I’ve started to take a keen interest in the local weather maps. Those with the moving graphics where you can track the clouds, the rain and if you’re lucky, the sun. Now that the temperatures have started to rise it means that with a bit of sunlight streaming down I can concentrate on the photography that I really enjoy – reptiles!
Before I go on though, I need to make something clear to anyone reading this or any of my posts. Although I am employed by Dorset Wildlife Trust, this is very much my own personal blog -and postings on this site are my own and don’t necessarily represent Dorset Wildlife Trust’s positions, strategies or opinions. Don’t worry, it’s not like I’ve said anything wrong or upset anyone (that I know of at least!). It’s just that the Trust has a media policy and as such I’m obliged to make that bit clear to you.
Anyway, back to me and my love of hunting out reptiles. I am struggling a little bit this year. It’s the middle of March and I’ve yet to see a snake, leave along getting a photograph of one. I’m not too sure why it should be the case – as I’ve spent many an hour staring into likely looking basking spots, but all in vain as yet.
Still, on the upside I’ve now managed to see all the lizards after finding a female slow worm today. I started off the other day with a trip to the lower end of Upton Heath and was rewarded almost immediately with a ……………….. peacock. No, not an escapee from Upton House (I think they have all gone from there now anyway haven’t they?). This was a peacock butterfly. I’m not so sure it could be described as enjoying the sun – as the poor thing was a bit ragged around the edges and was rather weak. I’m hoping it was just a little dozy having only recently emerged from its winter slumber tucked away in a shed or behind a bit of bark, and has since recovered a bit.
By now the sun was fully out and I was ‘in the zone’ – treading really quietly as I made my way around the ‘never fails’ site for spring adders. Well, it failed.. Or maybe I should be a little more forgiving and just say that I failed. Either way, it means no adder pics so far.
Lizards were showing well, so I’m sure my reptile hunting technique is still working ok (fingers crossed!).

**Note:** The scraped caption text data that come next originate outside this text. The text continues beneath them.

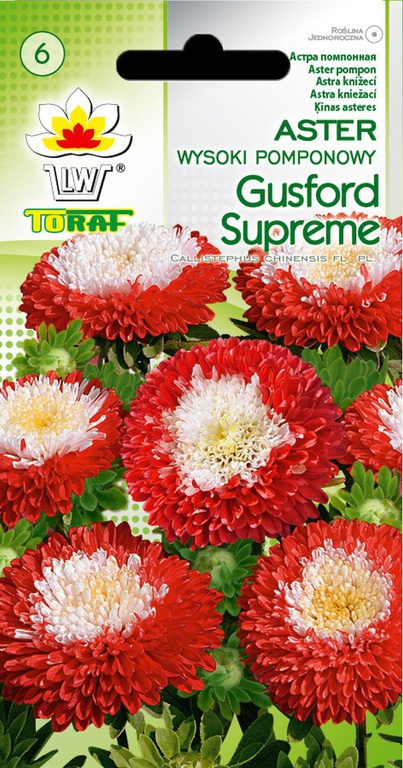 Aster pomponowy Gusford S. [1g] nasiona (1)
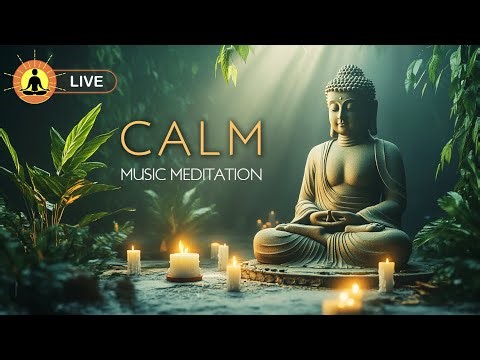 🔴 Relaxing Music 24/7 🌿3338, Stress Relief Music, Sleep Music, Meditation Music, Study, Calm Music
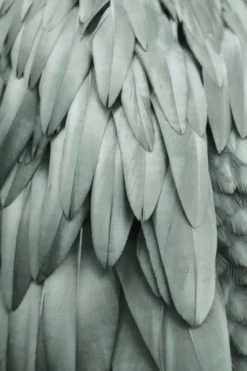Leinwand Feathers II 30 x 45 cm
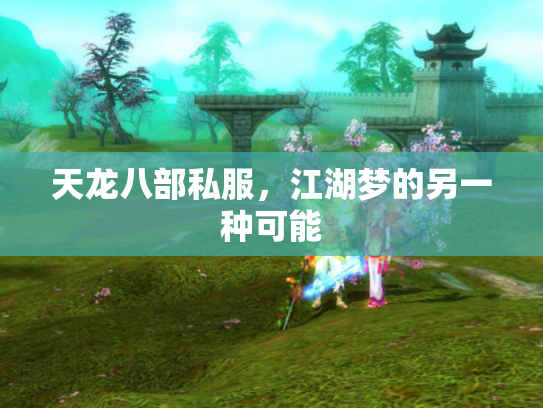 天龙八部私服，江湖梦的另一种可能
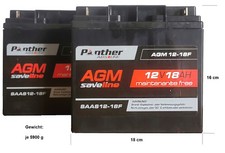 Panther akkus agm gebraucht kaufen  Detmold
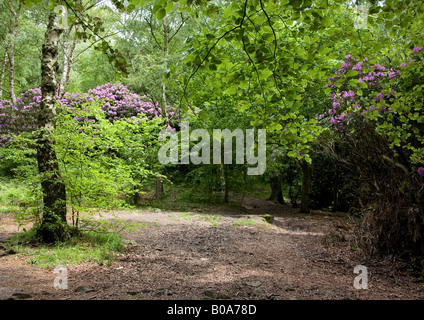 Au printemps été, bois, Whalley, Clitheroe, Lancashire, Angleterre. L'un des nombreux domaines forestiers gérés dans la vallée de Ribble. Banque D'Images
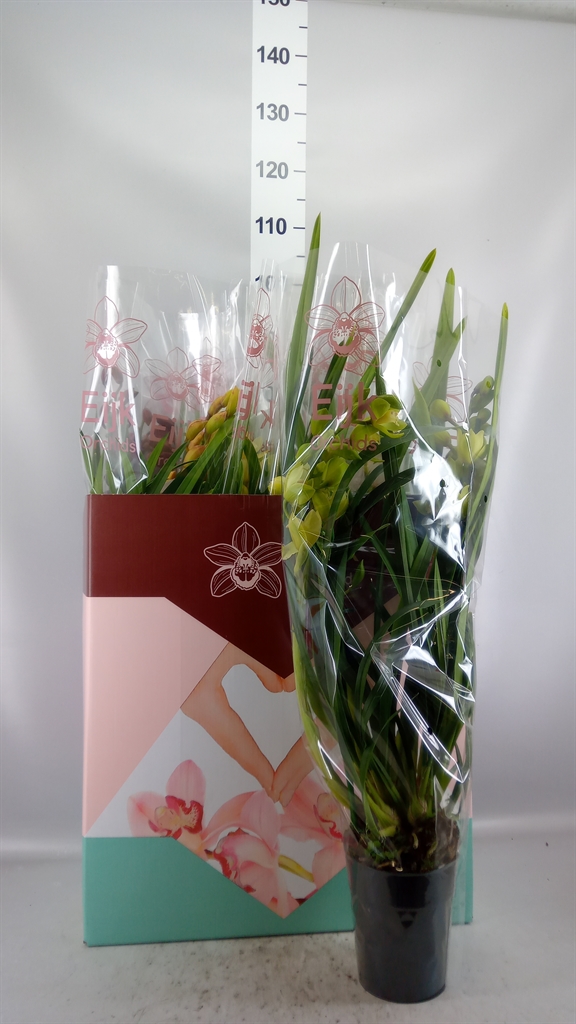 Cymbidium Mixed 14Ø 75cm 3st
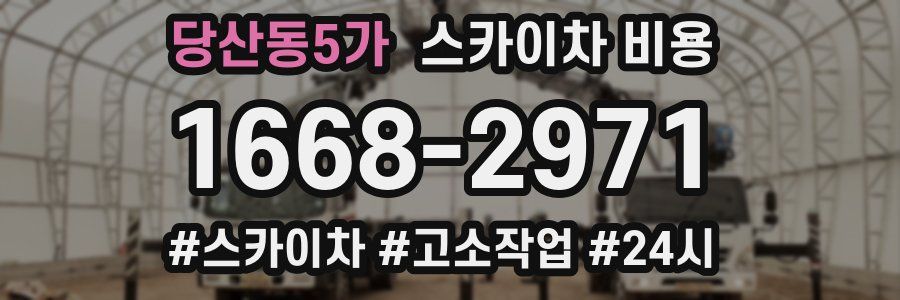 당산동5가 스카이차 비용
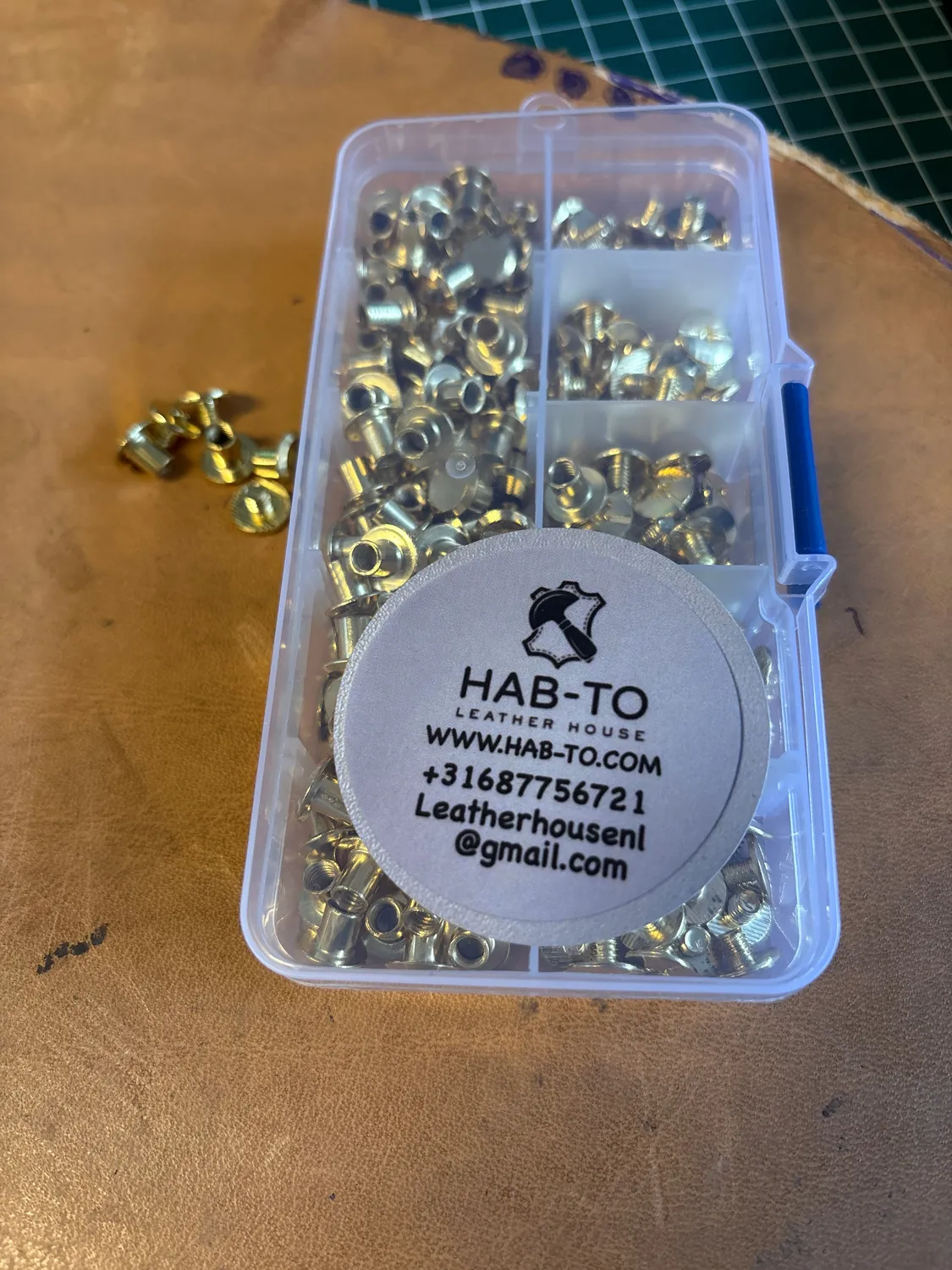 Leather House Gold Chicago Schroeven 50 stuks goud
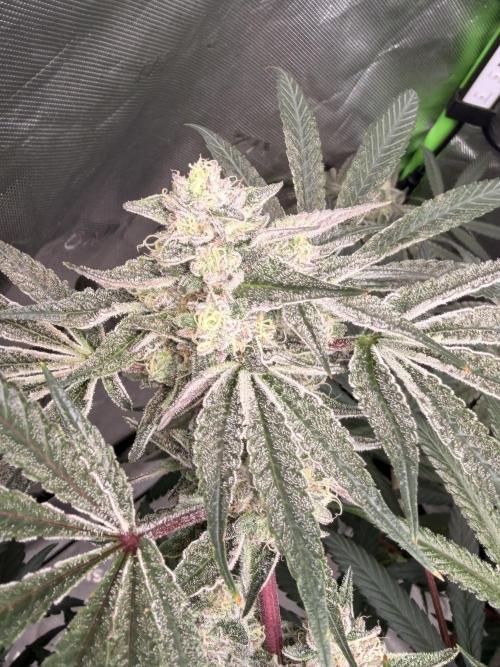 Jixer - Exotic Genetix. Week 11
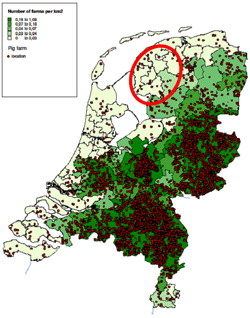 Distribution of pig farms in the Netherlands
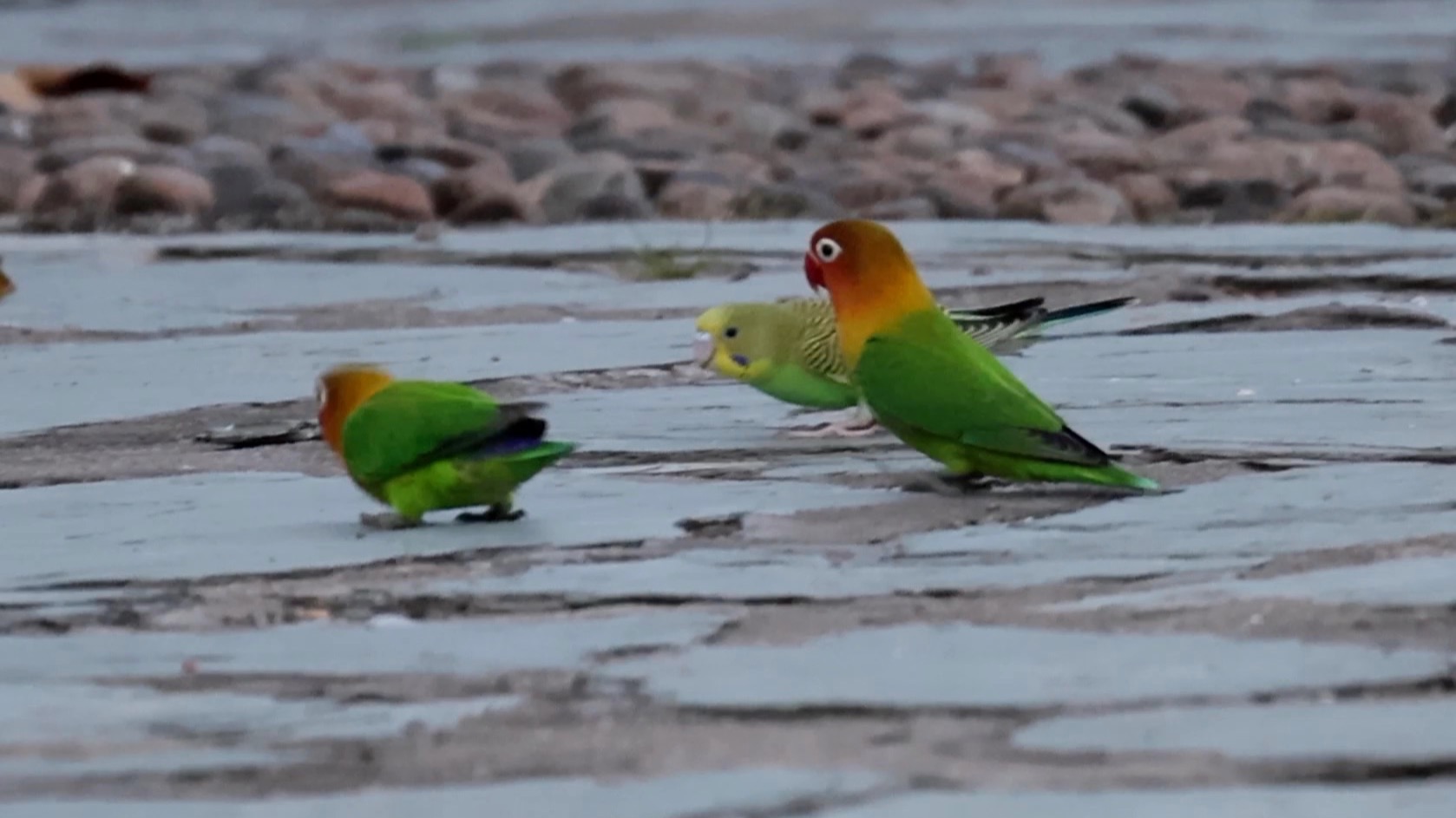 厦门园博苑野生牡丹与出逃虎皮集锦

One thing I have noticed, and I have to say I’m amazed at – is the huge number of ladybirds out there! It seems that every few paces there is yet another splash of red on the gorse. I did start to try and work out how many there might be on Upton Heath by counting them in a small area and multiplying it up – but gave up when it meant I’d have to take my shoes and socks off to count past 10, and from my previous experience with gorse there was no way I was doing that even if it was for science (or sort of science!).
I finished off my morning with a bit of a delight. Hearing the distinctive call of a long tailed tit in the gorseline I could tell it/they were heading my way so I set up the camera/long lens/tripod combination and waited for them to reach me in the hope that I would be able to get a decent shot of these never stay still birds. I knew they were around as I could hear them calling for ages, but I just could not see them anywhere.. After what seemed like hours (probably felt like a lot longer because I had to deal with a steady stream of walkers giving me odd looks as I sat there with a camera and long lens pointed at what was basically a scraggy bit of hedge/gorse) one of the birds suddenly popped it’s head around the side of a branch. It was quickly followed by another about 2 feet further along – and both of them had a downy white pigeon feather in their beaks. They were building a nest! That’s it then Spring must be here.
I left them to it, not wanting to disturb them in their time of toil and wandered off towards my car – happy that I’d at least got a nice shot of one carrying it’s pigeon feather. Just then, out of the blue, another long tailed tit appeared just ahead of me and posed for a while as I took several more shots. I like to think it was karma, that I was being rewarded for not hassling the nestbuilders…
There’s news on the starling nestbox. A few weeks back, they emptied the box of the bits of straw etc that had accumulated over the winter. Then, all of a sudden the single bird that had been roosting there all winter was joined by another bird. They have continued to roost together every night since and are much more settled than the previous attempts at sharing a roost – when they spent all night squabbling! They still don’t get much sleep though as the local foxes are making a huge din every night, so the poor starlings spend most of the time at their wits end hoping that whatever is outside doesn’t get them before daylight!
Today I noticed that the floor of the box is starting to fill up again with straw and feathers so I guess we are approaching serious nestbuilding time.
In the meantime, the quest for an adder continues.